(Image-text web data)
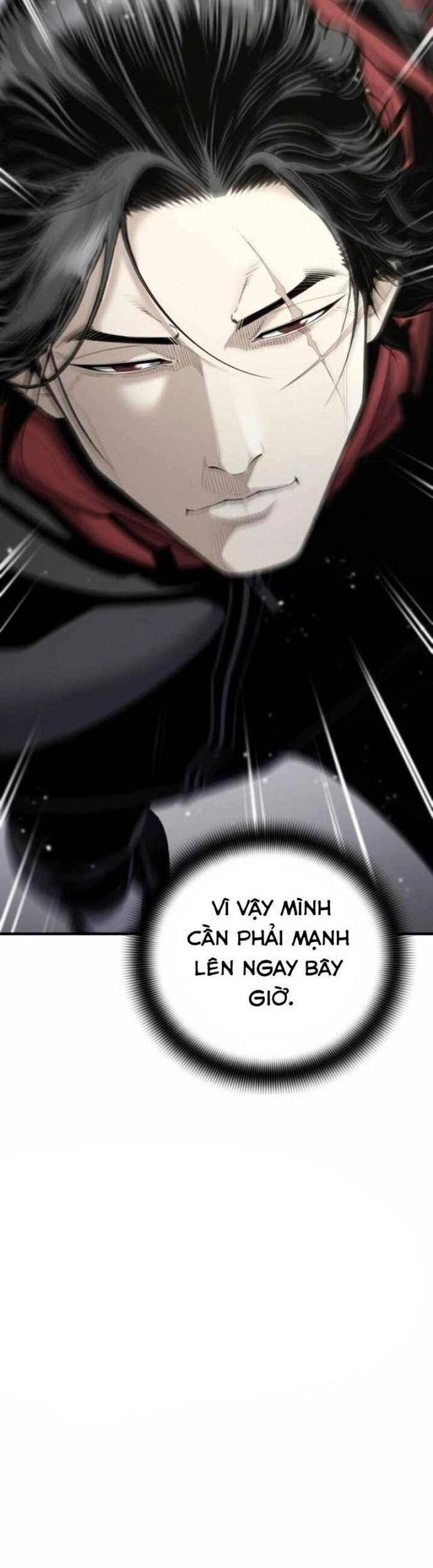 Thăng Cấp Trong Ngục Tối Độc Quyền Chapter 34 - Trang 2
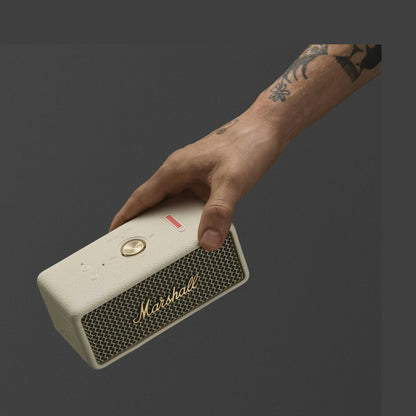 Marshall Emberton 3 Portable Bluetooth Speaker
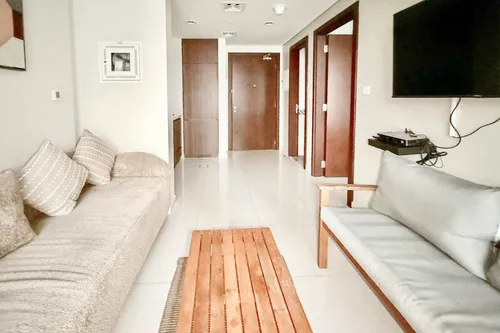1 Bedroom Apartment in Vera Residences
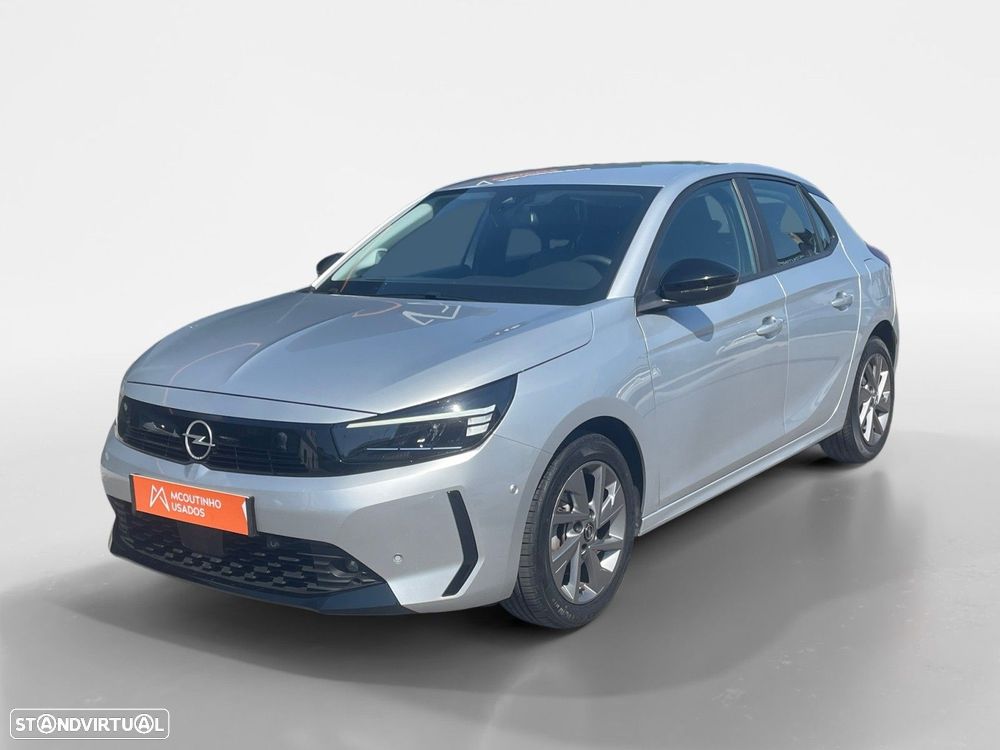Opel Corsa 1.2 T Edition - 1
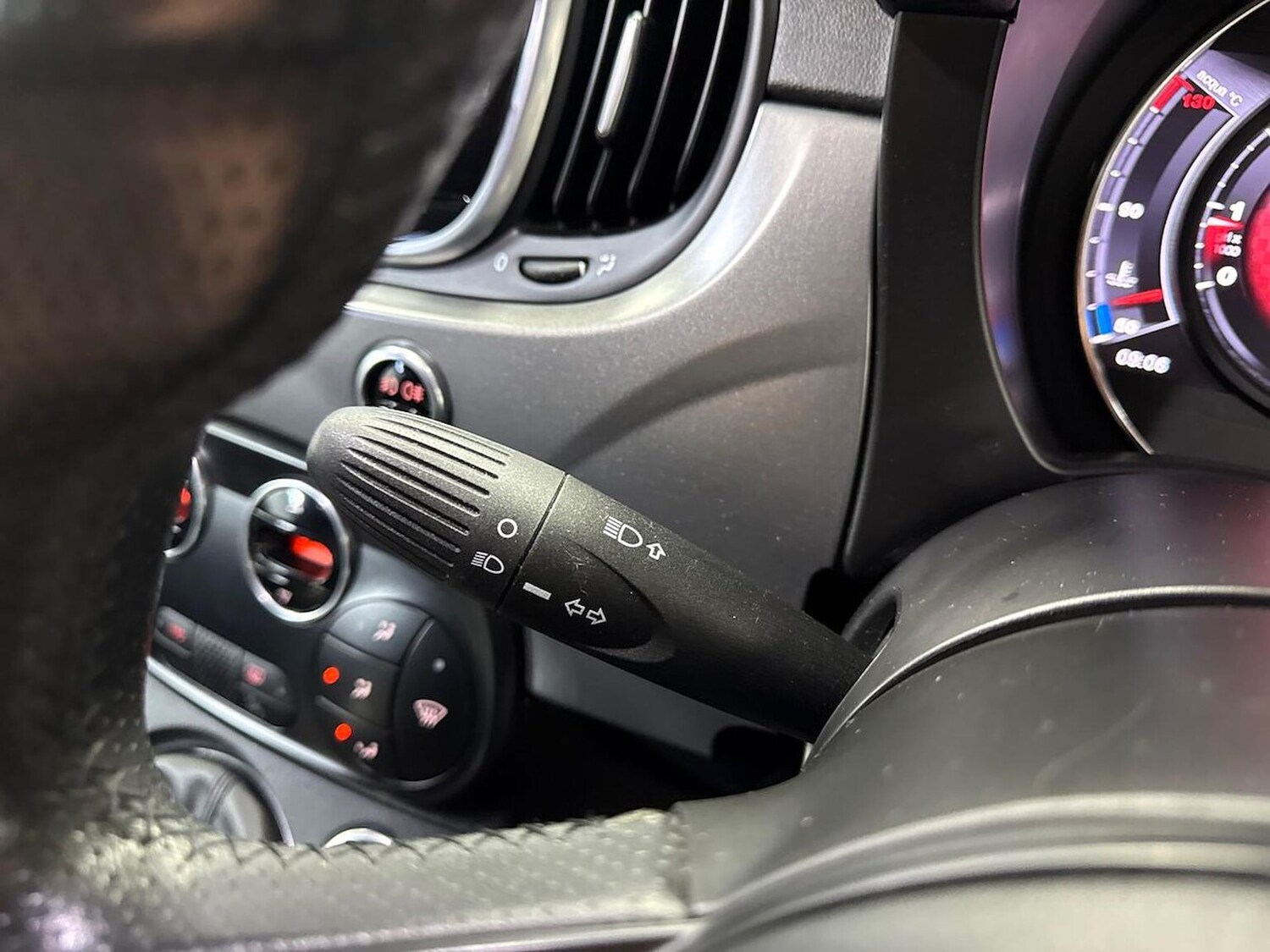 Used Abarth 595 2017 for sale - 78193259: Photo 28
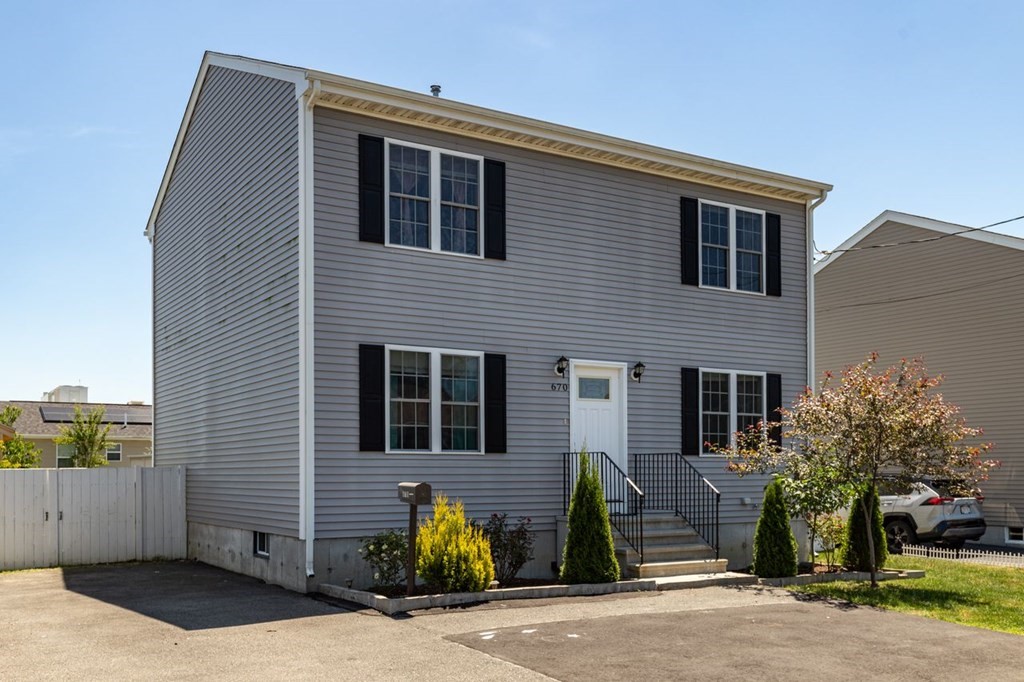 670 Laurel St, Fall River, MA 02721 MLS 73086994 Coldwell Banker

### TASK DIRECTIONS
Copy every entry word for word, but omit the pictures.

### EXPECTED OUTPUT
 Thăng Cấp Trong Ngục Tối Độc Quyền Chapter 34 - Trang 2
 Marshall Emberton 3 Portable Bluetooth Speaker
1 Bedroom Apartment in Vera Residences
Opel Corsa 1.2 T Edition - 1
 Used Abarth 595 2017 for sale - 78193259: Photo 28
 670 Laurel St, Fall River, MA 02721 MLS 73086994 Coldwell Banker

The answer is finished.